ちっちゃい口でモグモグとお弁当を食べる、私より一回り以上小さい美鈴が堪らなく可愛く見える。美鈴に何もされていないはずなのに顔がだんだん熱くなって、心臓の鼓動も速くなる。
「彼方?」
美鈴に名前を呼ばれただけで、ドキッと心臓に大きな衝撃が走る。
「えっ、あっ、なに」
不意打ちだったせいでたどたどしい返事になってしまった。
「さっきから様子が変だけど、もしかして食欲ない? 体調が悪いならはやく保健室に行かないと」
美鈴は様子がおかしい私を気遣って心配そうな目を私に向ける。
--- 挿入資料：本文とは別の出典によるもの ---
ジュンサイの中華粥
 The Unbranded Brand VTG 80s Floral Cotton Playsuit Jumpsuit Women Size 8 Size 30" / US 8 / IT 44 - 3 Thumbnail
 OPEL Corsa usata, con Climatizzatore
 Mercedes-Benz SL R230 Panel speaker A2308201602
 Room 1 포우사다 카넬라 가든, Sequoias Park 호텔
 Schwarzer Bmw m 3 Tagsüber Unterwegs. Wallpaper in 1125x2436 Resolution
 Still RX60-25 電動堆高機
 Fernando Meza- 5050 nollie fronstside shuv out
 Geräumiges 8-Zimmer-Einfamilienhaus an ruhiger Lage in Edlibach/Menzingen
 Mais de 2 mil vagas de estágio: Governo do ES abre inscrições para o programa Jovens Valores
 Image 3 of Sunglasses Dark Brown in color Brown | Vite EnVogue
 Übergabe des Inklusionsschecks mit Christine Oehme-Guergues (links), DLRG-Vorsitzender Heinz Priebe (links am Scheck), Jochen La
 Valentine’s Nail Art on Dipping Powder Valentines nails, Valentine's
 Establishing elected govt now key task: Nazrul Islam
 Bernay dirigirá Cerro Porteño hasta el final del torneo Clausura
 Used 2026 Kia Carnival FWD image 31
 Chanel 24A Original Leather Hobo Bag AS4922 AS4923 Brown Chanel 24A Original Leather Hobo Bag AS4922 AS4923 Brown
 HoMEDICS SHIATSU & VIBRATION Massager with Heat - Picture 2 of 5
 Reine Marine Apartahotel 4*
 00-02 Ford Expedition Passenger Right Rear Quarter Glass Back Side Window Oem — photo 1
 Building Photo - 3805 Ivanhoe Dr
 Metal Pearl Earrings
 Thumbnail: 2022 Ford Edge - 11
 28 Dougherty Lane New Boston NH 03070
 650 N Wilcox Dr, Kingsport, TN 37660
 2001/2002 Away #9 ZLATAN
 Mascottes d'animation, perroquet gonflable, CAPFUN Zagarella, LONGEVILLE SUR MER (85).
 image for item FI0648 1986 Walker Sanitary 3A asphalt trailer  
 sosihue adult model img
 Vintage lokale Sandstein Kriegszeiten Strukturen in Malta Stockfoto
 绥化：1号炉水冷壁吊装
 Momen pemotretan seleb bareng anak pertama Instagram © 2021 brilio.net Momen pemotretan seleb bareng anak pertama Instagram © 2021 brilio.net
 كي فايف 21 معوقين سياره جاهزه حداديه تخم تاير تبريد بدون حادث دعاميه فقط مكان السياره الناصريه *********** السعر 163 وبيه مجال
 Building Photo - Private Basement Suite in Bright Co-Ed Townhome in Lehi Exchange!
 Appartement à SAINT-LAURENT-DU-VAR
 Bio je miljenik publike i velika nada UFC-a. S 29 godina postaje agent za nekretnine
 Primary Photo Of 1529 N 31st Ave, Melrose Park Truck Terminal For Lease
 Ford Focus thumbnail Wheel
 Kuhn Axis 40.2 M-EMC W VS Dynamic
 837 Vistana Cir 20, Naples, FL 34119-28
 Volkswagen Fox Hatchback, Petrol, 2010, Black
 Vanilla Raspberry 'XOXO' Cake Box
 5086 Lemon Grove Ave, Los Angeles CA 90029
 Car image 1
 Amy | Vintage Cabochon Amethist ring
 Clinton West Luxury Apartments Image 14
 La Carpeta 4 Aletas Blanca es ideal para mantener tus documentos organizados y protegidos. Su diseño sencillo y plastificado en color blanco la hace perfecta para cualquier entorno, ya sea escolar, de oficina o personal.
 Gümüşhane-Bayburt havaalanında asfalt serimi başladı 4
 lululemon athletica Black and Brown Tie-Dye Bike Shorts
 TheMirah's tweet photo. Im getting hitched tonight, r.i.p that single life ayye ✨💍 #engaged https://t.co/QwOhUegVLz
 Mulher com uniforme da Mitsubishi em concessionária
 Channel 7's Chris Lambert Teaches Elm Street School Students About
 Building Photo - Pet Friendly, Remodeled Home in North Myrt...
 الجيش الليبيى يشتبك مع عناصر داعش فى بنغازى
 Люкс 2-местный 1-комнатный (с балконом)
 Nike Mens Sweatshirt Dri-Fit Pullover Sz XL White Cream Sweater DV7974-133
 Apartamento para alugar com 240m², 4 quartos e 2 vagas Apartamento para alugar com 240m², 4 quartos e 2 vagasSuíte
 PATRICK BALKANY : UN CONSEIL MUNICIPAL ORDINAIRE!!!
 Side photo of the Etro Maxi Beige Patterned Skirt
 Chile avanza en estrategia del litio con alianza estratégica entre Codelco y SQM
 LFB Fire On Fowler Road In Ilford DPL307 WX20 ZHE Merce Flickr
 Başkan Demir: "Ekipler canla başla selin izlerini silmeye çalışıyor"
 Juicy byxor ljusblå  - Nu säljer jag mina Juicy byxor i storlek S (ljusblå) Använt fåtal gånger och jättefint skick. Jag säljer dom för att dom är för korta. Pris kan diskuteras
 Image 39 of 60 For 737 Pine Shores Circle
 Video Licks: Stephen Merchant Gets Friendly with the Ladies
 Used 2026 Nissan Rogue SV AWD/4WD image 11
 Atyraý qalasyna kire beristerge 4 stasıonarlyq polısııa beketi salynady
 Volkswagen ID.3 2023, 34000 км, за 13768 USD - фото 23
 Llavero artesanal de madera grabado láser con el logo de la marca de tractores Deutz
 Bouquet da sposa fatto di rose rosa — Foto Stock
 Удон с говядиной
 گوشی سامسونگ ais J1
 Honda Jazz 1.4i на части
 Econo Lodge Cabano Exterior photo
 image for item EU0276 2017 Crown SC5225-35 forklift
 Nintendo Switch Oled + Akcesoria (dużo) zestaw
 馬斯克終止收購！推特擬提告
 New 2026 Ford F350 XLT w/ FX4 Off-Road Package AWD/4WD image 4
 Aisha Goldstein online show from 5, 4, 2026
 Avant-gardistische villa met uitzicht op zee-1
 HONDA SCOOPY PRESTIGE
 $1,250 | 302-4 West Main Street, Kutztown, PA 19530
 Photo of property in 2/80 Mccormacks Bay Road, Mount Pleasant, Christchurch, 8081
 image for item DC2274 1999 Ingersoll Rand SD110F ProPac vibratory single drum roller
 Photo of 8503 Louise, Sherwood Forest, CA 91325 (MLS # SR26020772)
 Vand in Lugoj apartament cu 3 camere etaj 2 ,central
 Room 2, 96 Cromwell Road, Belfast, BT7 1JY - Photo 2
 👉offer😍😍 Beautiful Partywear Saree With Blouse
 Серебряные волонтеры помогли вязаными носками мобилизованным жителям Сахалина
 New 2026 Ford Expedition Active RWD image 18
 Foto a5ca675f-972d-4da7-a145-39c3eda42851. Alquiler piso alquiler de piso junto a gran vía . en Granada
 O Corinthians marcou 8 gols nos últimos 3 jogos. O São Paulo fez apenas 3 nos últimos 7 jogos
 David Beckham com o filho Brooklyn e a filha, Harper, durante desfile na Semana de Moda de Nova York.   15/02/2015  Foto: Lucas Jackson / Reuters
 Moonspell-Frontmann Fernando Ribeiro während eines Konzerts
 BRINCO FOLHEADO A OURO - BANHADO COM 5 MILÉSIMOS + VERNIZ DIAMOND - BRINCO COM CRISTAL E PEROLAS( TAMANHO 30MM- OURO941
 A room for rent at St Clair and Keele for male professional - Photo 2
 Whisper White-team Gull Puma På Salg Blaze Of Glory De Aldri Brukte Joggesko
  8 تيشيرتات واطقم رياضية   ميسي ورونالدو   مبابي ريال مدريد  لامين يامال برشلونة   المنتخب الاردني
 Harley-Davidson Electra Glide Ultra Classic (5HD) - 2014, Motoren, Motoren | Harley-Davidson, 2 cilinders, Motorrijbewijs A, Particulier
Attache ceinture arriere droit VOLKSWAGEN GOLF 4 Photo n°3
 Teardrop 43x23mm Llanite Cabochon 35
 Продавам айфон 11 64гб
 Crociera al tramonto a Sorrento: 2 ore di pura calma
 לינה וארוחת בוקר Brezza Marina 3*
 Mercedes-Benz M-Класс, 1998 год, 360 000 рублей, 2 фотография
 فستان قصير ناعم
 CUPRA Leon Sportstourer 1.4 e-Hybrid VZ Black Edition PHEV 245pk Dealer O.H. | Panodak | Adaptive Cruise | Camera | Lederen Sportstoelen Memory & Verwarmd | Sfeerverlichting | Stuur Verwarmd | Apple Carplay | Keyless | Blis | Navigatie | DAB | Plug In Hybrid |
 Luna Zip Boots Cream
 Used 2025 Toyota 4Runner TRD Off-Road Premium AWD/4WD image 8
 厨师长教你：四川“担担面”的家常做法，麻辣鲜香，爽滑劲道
それが嬉しくてたまらない。
「大丈夫だよ。なんともないから」
美鈴に名前を呼ばれると胸が苦しくなる。美鈴に心配されると嬉しくなってしまう。ただ食事をしているだけの美鈴に見惚れてしまう。
美鈴に笑顔を向けられるとドキドキが止まらなくなる。キラキラと私の記憶の中で輝く美鈴の笑顔は、まるで夜空に輝く星のようだ。
これに似たものを私は知っている。漫画やアニメでしか見たことないし私自身は体験したことがない、思春期の子供たちを悩ませる感情。
私はもしかしたら恋に落ちてしまったのかもしれない。
○○○
「どう、かな……?」
頬を紅潮させながら甘ったるい話をする彼方。甘すぎて普段は飲めないブラックコーヒーがちょうどいい苦さに感じる。
「フォーリンラブ確定演出です……」
彼女が話している間にコーヒーを飲み干してしまった私は、溶け始めているチョコレートパフェを放ったまま、ただこう言うしかなかった。